Uma estimativa da Confederação Nacional da Indústria (CNI), divulgada nesta segunda-feira (6/7), mostra que mais de 4 mil produtos exportados para os Estados Unidos podem ser afetados caso sejam impostas tarifas de 25% pelo governo de Donald Trump, o equivalente a US$ 14,9 bilhões em exportações.

As taxas foram sugeridas pelo Escritório do Representante de Comércio (USTR) e fazem referência a uma alegada prática de comércio desleal por parte do Brasil. Representantes da indústria e do agronegócio brasileiros estão em Washington, nos EUA, para uma audiência pública sobre o tema.

A expectativa é que o Brasil consiga provar que não oferece qualquer tipo de ameaça ao mercado norte-americano. O prazo final para a decisão do governo dos EUA sobre o tarifaço é dia 15 de julho e o governo tem intensificado os diálogos com representantes americanos.

Atualmente, os 4,1 mil produtos afetados já estão submetidos à tarifa adicional de 10%, prevista pela legislação norte-americana e que estará vigente até o dia 24 de julho. Caso as negociações entre os países não avancem em benefício brasileiro, serão impostas duas novas tarifas, uma de 25%, referente à decisão da USTR, e outra de 12%, motivada sob acusação de trabalho escravo no país. Somadas, as duas taxas chegam a 37,5%.

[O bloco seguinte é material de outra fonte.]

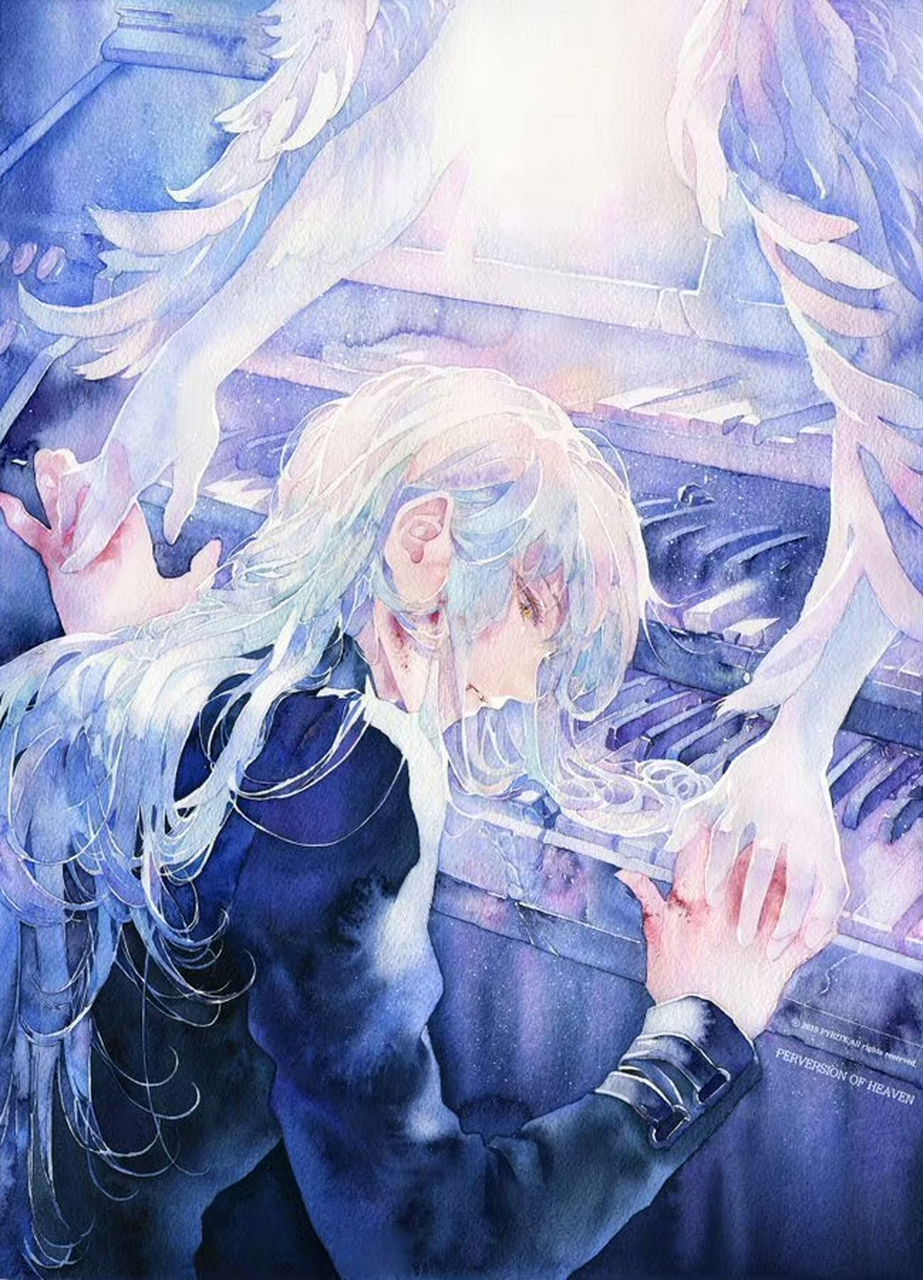 画师:pyrite 唯美梦幻水彩[小红花]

Veja alguns itens que podem ser afetados pelo tarifaço:

  • Ferro-gusa não ligado;
  • Açúcar de cana em forma sólida;
  • Álcool etílico não desnaturado;
  • Tabaco curado por fumaça ou processado; e
  • Hidróxido de alumínio.

O presidente da CNI, Ricardo Alban, afirmou que, dos 13 maiores produtos que seriam impactados com a taxa, o Brasil é o maior fornecedor para a economia americana de 11 deles.

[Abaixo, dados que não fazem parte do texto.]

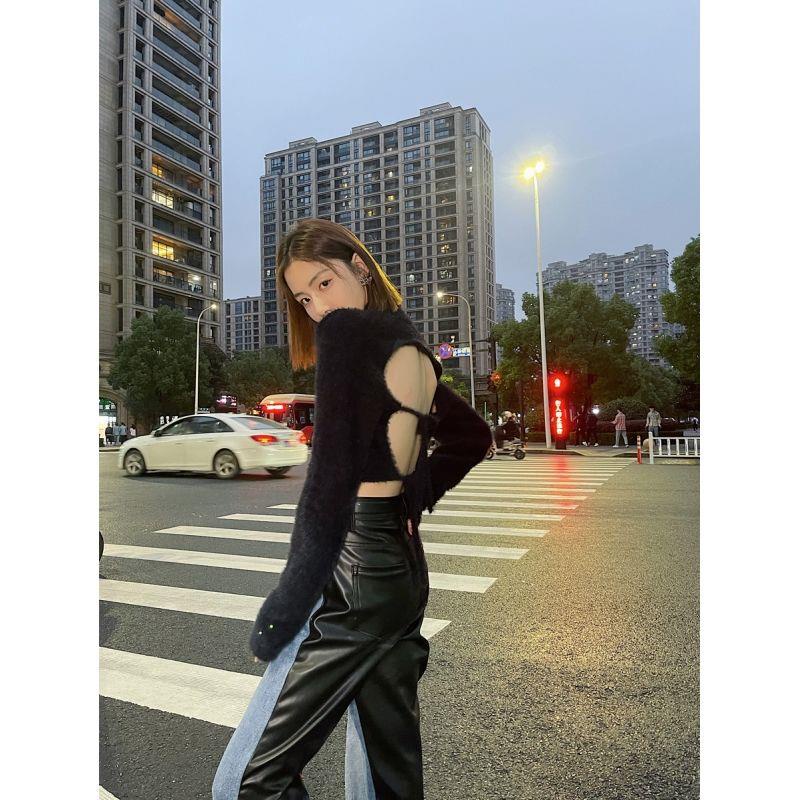 ❦✠✒Áo Sweater Nữ Tay Dài Hở Vai Thời Trang Thu Đông Mới 2021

“Nós temos que manter o diálogo, temos que esperar que o governo possa manter o diálogo dentro dessa lógica técnica, sabemos que toda uma geopolítica está envolvida, mas se nós precisamos fazer um trabalho o mais técnico possível no processo de convencimento”, disse nesta segunda após se reunir com o ministro da Fazenda, Dario Durigan.